| Material shown |
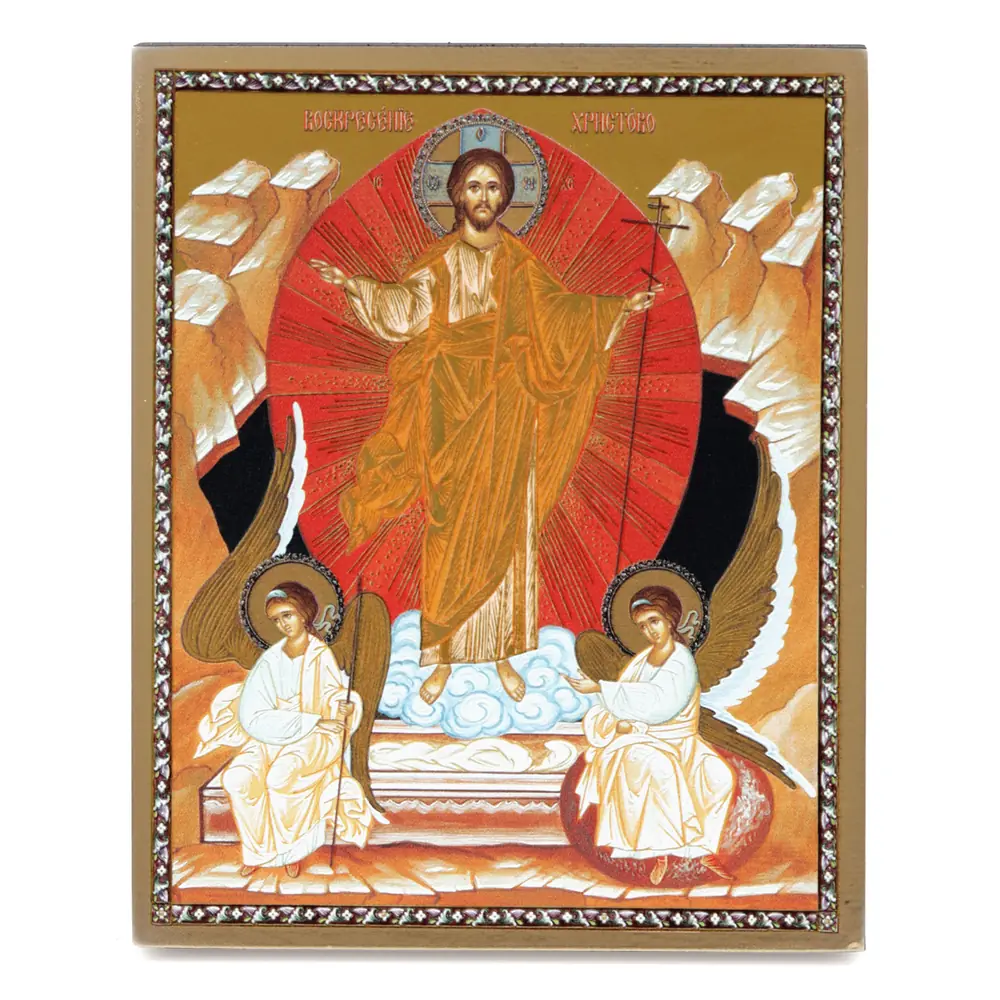 Icon on board 13×15 gilded finish, 3D print, varnish Resurrection of Christ 2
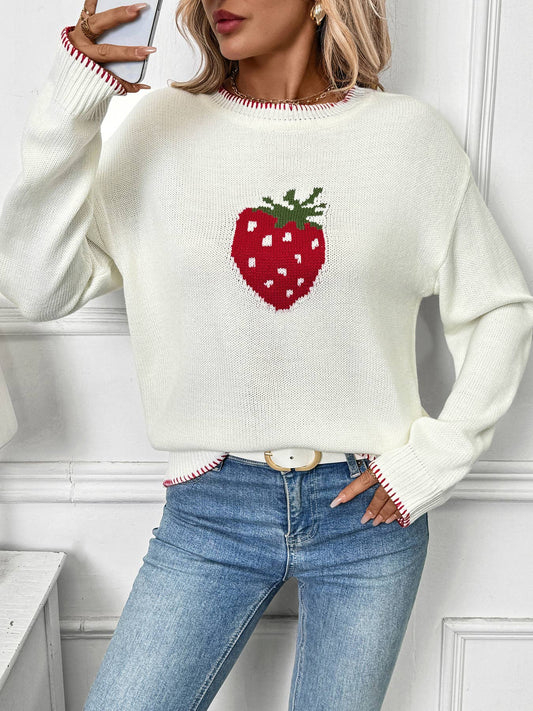 Strawberry jacquard round-neck stitched sweater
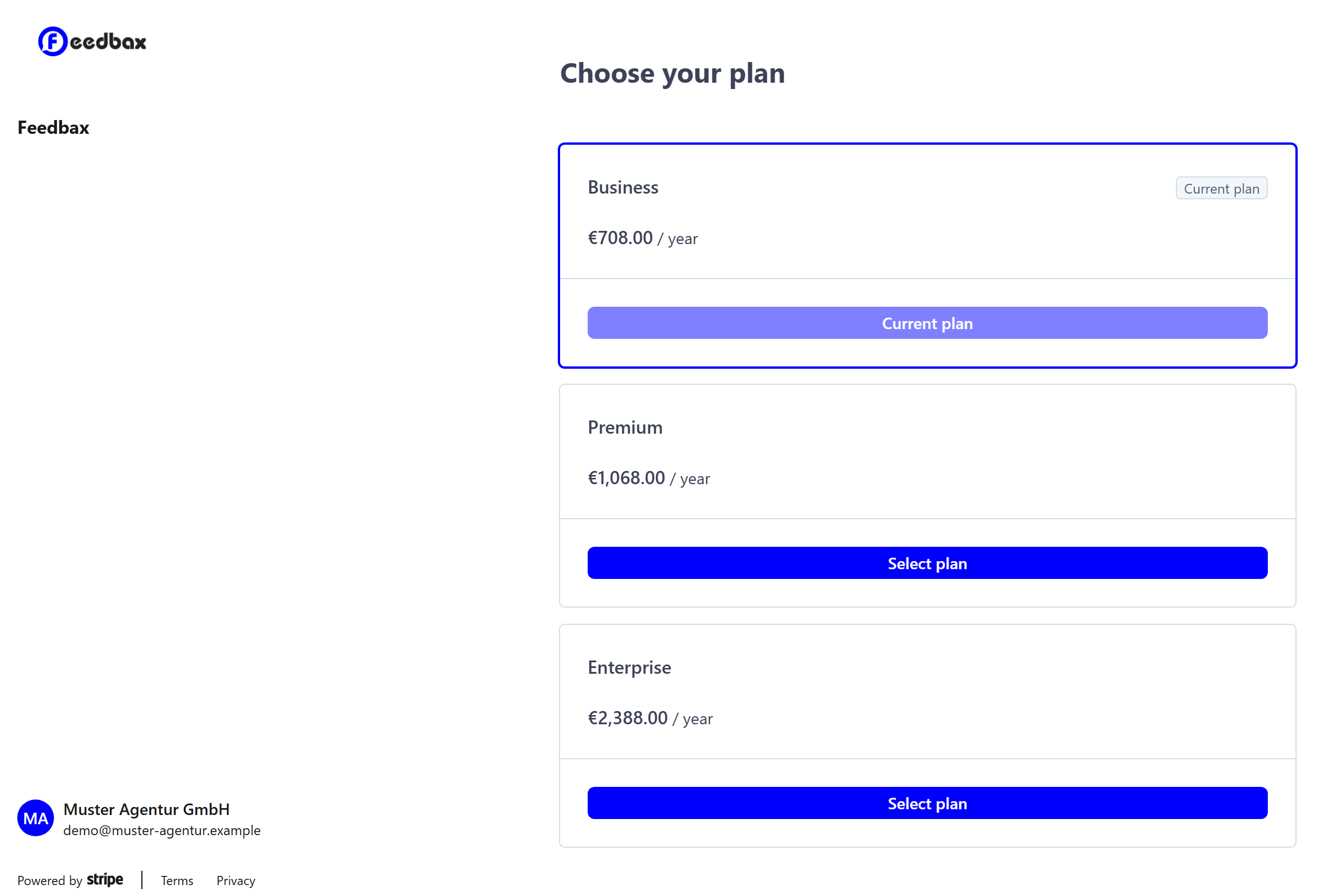 The plan picker in the customer portal with Business as the current plan and Premium and Enterprise to choose from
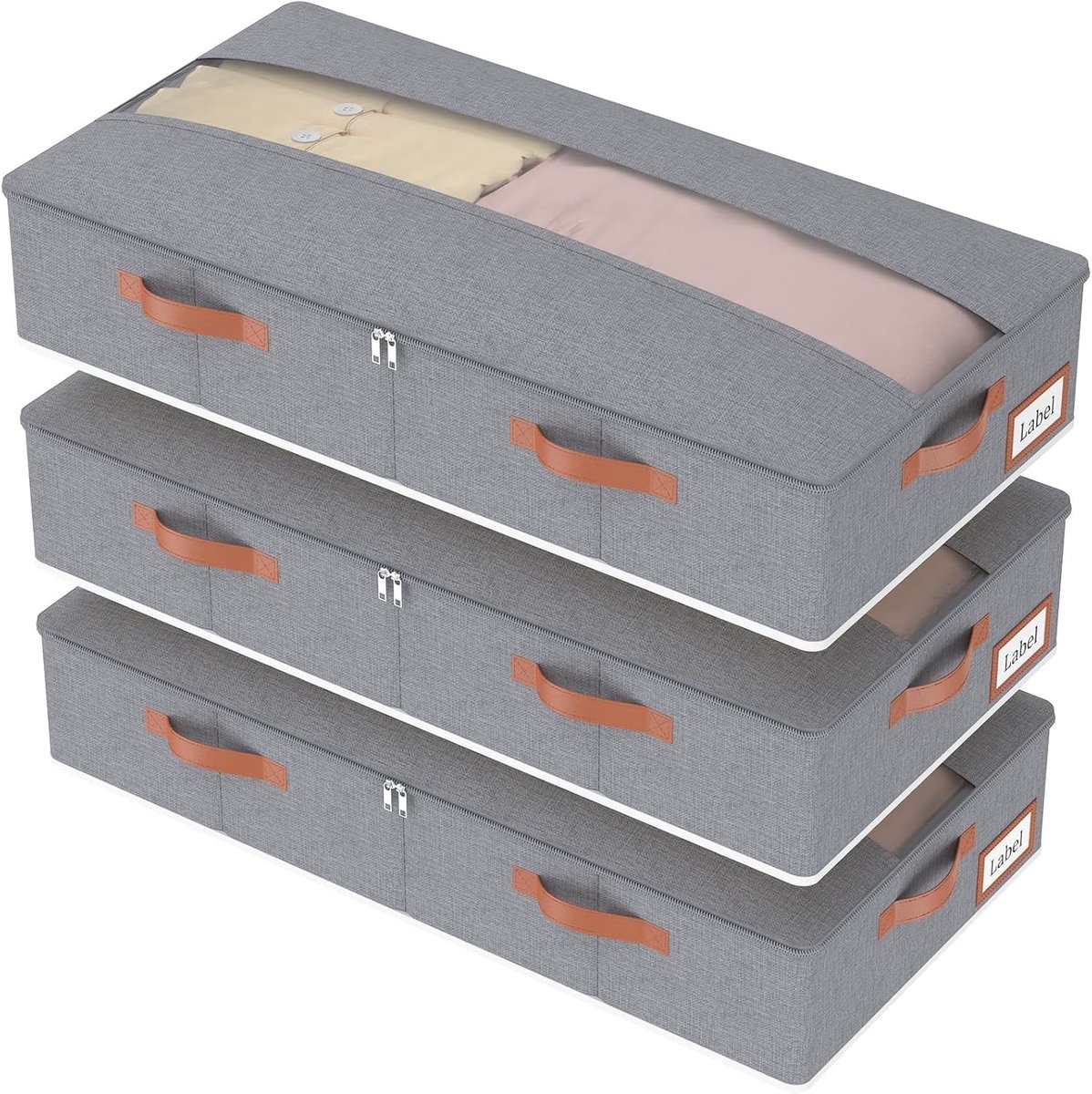 3-delige Onderbed Opbergdozen, Vouwbare Opbergzakken met Doorzichtig Deksel en Handvatten, Ideaal voor Slaapkamer, 80x40x15cm, Grijs, Ruimtebesparend en Organisatieoplossing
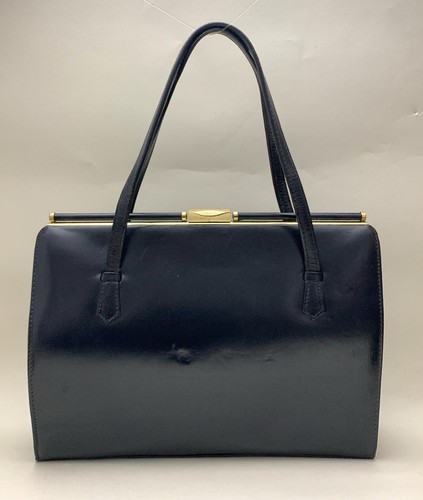 Ackery Large Vintage 1950s Blue Leather Handbag Buff Suede Lining & Elbief Frame - Picture 2 of 24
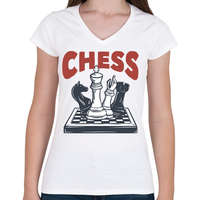 printfashion Sakk - Chess - Női V-nyakú póló - Fehér
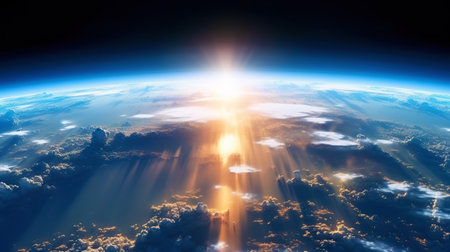Panoramic view on planet Earth globe from space. Glowing city lights, light clouds. Generative AI.の素材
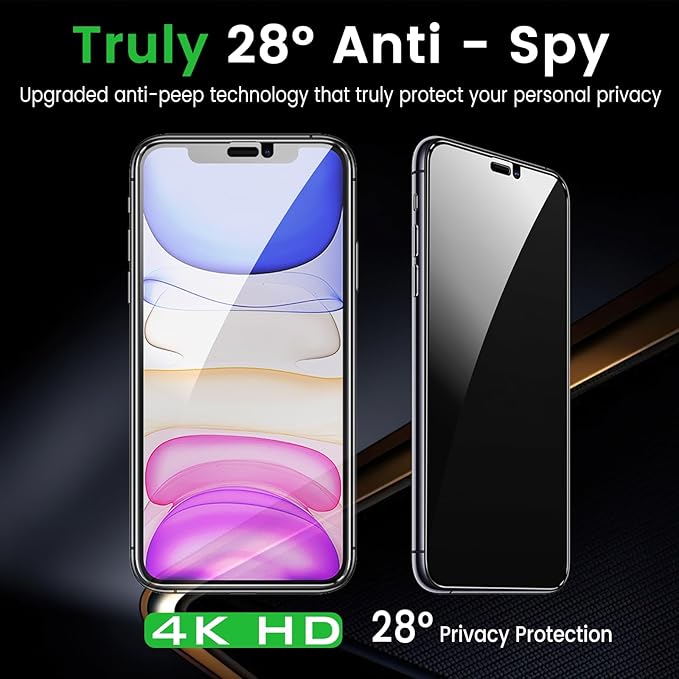 3 Pack Privacy Screen Protector for iPhone 11 6.1 Inch with 3 Pack Camera Lens Protector, Anti Spy Tempered Glass Film, Anti-Scratch, Touch Sensitive, Case Friendly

| What you should do |
Restate, word for word, each line from the one with "printfashion Sakk - Chess" to the end of the entries, both included, and keep every picture out.

| Answer space |
 printfashion Sakk - Chess - Női V-nyakú póló - Fehér
Panoramic view on planet Earth globe from space. Glowing city lights, light clouds. Generative AI.の素材
 3 Pack Privacy Screen Protector for iPhone 11 6.1 Inch with 3 Pack Camera Lens Protector, Anti Spy Tempered Glass Film, Anti-Scratch, Touch Sensitive, Case Friendly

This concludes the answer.